Dort angekommen, holte er wieder seinen Kompaß hervor, legte ihn auf den Boden, sah sich nach allen Seiten um, alles ohne die geringste Ahnung, warum er das so tun mußte. »Hier weben die Feen Tuch, das ist ein Platz, den Ihr benützen müßt!« Wieder schimpften die übrigen Geomanten ihn aus: »Wie kann man das als Grabplatz benutzen, wenn davor ein Teich ist?« — »Wenn man Tuch webt, muß man die Fäden in Wasser legen, nur dann kann das Werk gelingen. Wie kann man an einem Platz weben, wo es kein Wasser gibt?« Und er empfahl dem Haupttrauernden, diesen Platz zu nehmen. 

Als die anderen Geomanten das hörten, zogen sie einer nach dem anderen den Schwanz ein, heimlich, still und leise verschwanden sie.

Als man dann nach Hause zurückkam, holte man als erstes die Schwiegertochter aus ihrem Hinterzimmer und kochte Seetangsuppe für sie.
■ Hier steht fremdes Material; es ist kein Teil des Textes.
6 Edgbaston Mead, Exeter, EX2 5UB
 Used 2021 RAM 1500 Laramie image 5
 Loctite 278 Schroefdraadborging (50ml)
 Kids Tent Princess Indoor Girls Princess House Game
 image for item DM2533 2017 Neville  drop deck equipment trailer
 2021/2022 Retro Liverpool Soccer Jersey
Der Geomant meinte dann: »Wenn Eure Schwiegertochter was sagt, dann tut das, hört gut auf sie, sie ist eine ganz kluge Frau.«

Als die Begräbnisfeierlichkeiten zu Ende waren, mußte man dem Geomanten seine Mühe entlohnen, aber niemand hatte darüber nachgedacht, was man ihm denn geben sollte. Sie fragten die Schwiegertochter: »Meinst du, es geht, wenn wir dem Geomanten für seine Mühe eine Ladung Geld geben?«, aber sie meinte, das gehe wohl nicht. Sie sagte: »Haben wir nicht ein Reisfeld, das im Jahr tausend Sack Reis einbringt? So viel, daß er zweihundert Sack im Jahr hat, soll ihm gehören, über den Rest soll er Oberaufseher werden, und was die Frage nach einem Haus für ihn betrifft, so kann er doch in das Aufseherhaus einziehen?« — »Aber wenn er nicht hierherziehen will?« Die Schwiegertochter meinte:»Wenn man sieht, was er für Kleider angezogen hat, dann scheint er ziemlich arm zu sein«, und sie ging hinaus zu ihm und fragte, ob er da wohnen wolle. »Ich habe doch hier kein Haus, dann kann ich auch nicht hierherkommen.« — »Um ein Haus macht Euch keine Sorgen, kommt nur einfach her!«

Und wirklich, der Geomant, der keiner war, zog in das Aufseherhaus ein. Von seinem Land und den zweihundert Sack Reis, die er davon ernten konnte, lebten er und seine Frau hinfort ganz gut.